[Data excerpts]
------------------------------------------------

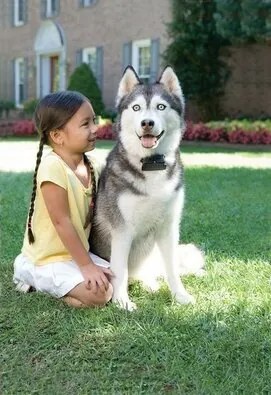 PetSafe® Elektrický ohradník pre psov Super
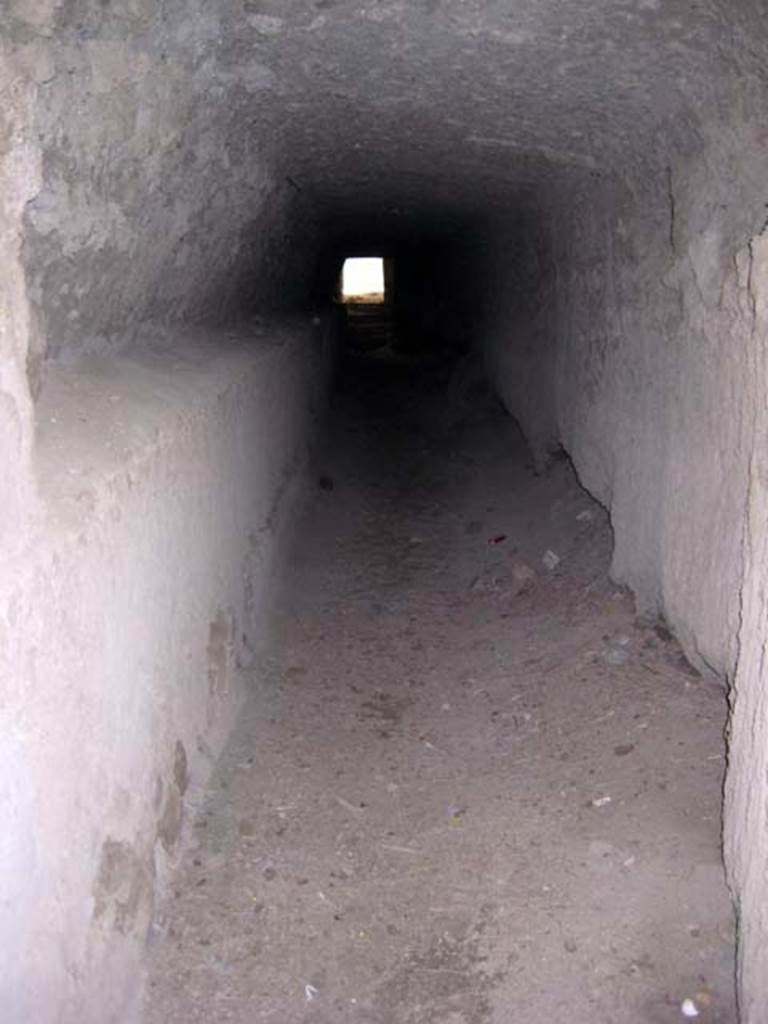 Ins. Orientalis II.4, Herculaneum, June 2011. Tunnels hewn out of the hardened alluvial debris. Photo courtesy of Sera Baker.
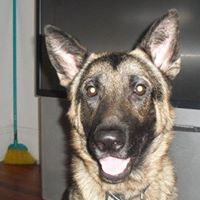 Jerry Bean Photo 22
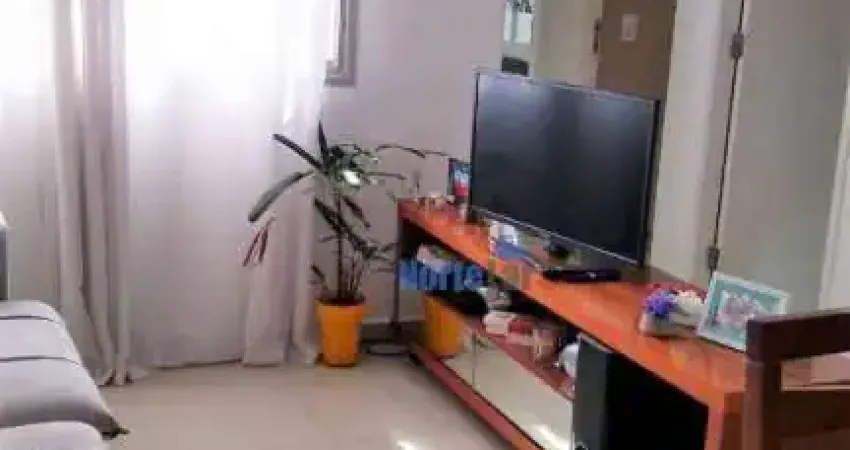 Apartamento com 2 quartos à venda, 49 m² - Vila Jaraguá - São Paulo/SP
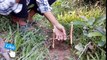 how to catch snake-Snake video-New Original Trap Snake Catch snake in Hole By Yinn Cambodia catch crocodile and snake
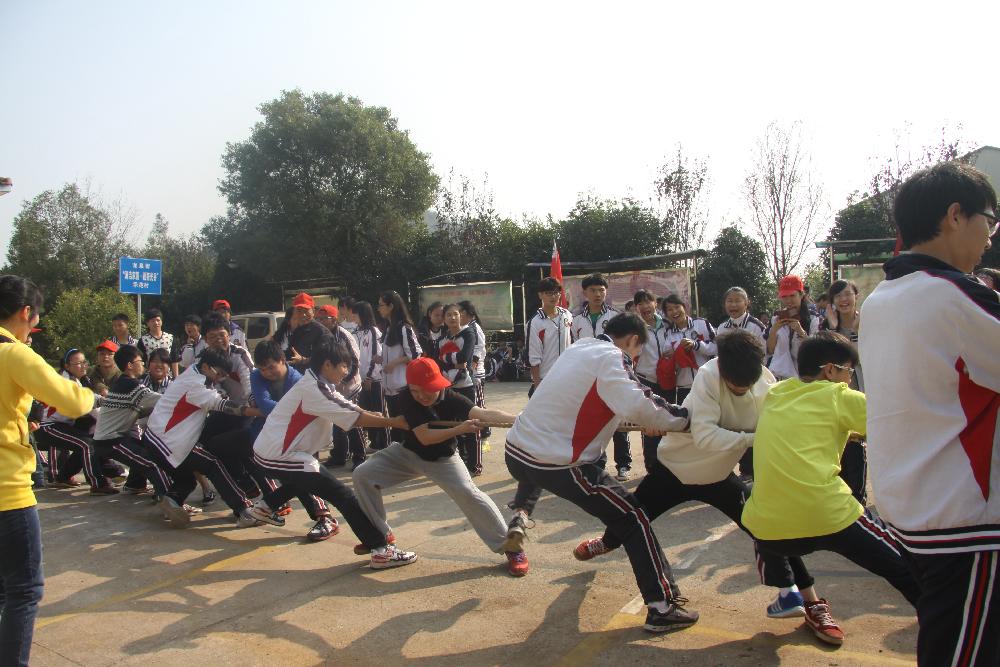 图片1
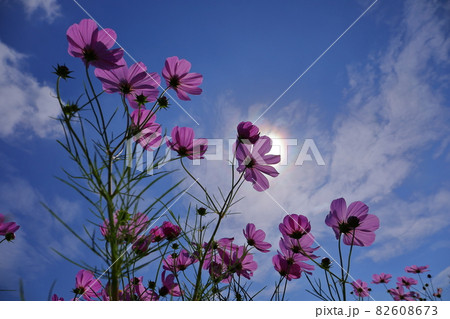 埼玉県川越市 伊佐沼東岸花畑 逆光の青空の下のコスモス 埼玉県川越市 伊佐沼東岸花畑 逆光の青空の下のコスモス 82608673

------------------------------------------------

Return the records above exactly as written. Do not include their images.

## Written reply
 PetSafe® Elektrický ohradník pre psov Super
 Ins. Orientalis II.4, Herculaneum, June 2011. Tunnels hewn out of the hardened alluvial debris. Photo courtesy of Sera Baker.
 Jerry Bean Photo 22
 Apartamento com 2 quartos à venda, 49 m² - Vila Jaraguá - São Paulo/SP
 how to catch snake-Snake video-New Original Trap Snake Catch snake in Hole By Yinn Cambodia catch crocodile and snake
 图片1
 埼玉県川越市 伊佐沼東岸花畑 逆光の青空の下のコスモス 埼玉県川越市 伊佐沼東岸花畑 逆光の青空の下のコスモス 82608673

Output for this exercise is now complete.